Wenn die Binnennachfrage aufgrund der Immobilienkrise gering bleibe, könnte Peking versuchen, das über steigende Exporte auszugleichen. Der IWF sieht aber das Risiko, dass sich dadurch "die Handelsspannungen in einem ohnehin schon angespannten geopolitischen Umfeld" verstärken.

Die Handelskonflikte zwischen Peking und Washington nehmen seit Jahren zu. Auch in der EU gibt es Forderungen, auf chinesische Billigexporte und Subventionen notfalls mit Zöllen zu reagieren.

5. Deutschland: Schlusslicht beim Wachstum

Der IWF rechnet damit, dass die deutsche Wirtschaft nur um 0,2 Prozent wächst. Das wären 0,7 Prozentpunkte weniger, als der Währungsfonds noch im Herbst erwartet hatte. Kein anderes großes Industrieland hat so ein schwaches Wachstum.

Der Grund für die Herabstufung sei eine Verschlechterung des Konsum- und Geschäftsklimas im ersten Quartal, sagte Alfred Kammer, Europadirektor des IWF, dem Handelsblatt. "Leider ist der deutsche Verbraucher eben nicht der amerikanische Verbraucher, der trotz Krisen optimistisch bleibt."

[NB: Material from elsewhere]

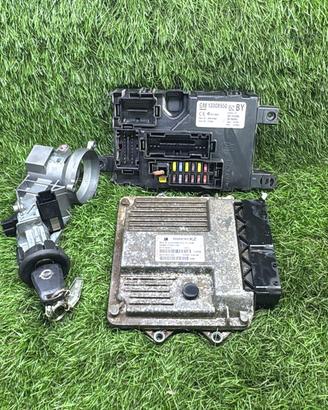 KIT CHIAVI CENTRALINA MOTORE OPEL Corsa D 5P 1° S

Für das kommende Jahr sieht der IWF eine leichte Besserung. Zwar korrigiert er auch hier die Prognose deutlich nach unten, rechnet aber immerhin noch mit 1,3 Prozent Wachstum. "Für die kommenden Jahre erwarten wir für Deutschland eine bescheidene, allmähliche Erholung", sagte Kammer.

Standortdebatte
Die wahren Gründe für Deutschlands Wirtschaftsschwäche - IWF mahnt zu Reformen in drei Bereichen

Allerdings sorgt sich der IWF wegen der strukturellen Probleme Deutschlands. Europadirektor Kammer lobt das Wachstumschancengesetz, mit welchem die Ampelkoalition die Wirtschaft um 3,2 Milliarden Euro entlasten und Investitionen fördern will. Er sagt aber "Sie reichen absolut nicht aus, um die strukturellen Probleme in Deutschland anzugehen."

Derzeit beraten Kanzler Olaf Scholz (SPD), Wirtschaftsminister Robert Habeck (Grüne) und Finanzminister Christian Lindner (FDP) über ein Maßnahmenpaket gegen die Wirtschaftsschwäche. Aus Sicht des IWF drängt die Zeit. Kammer betont: "Reformen, die die Produktivität steigern, wie der Bürokratie-Abbau, gehen viel zu langsam voran, und bei der Digitalisierung ist Deutschland unter den EU-Ländern auf den hinteren Plätzen."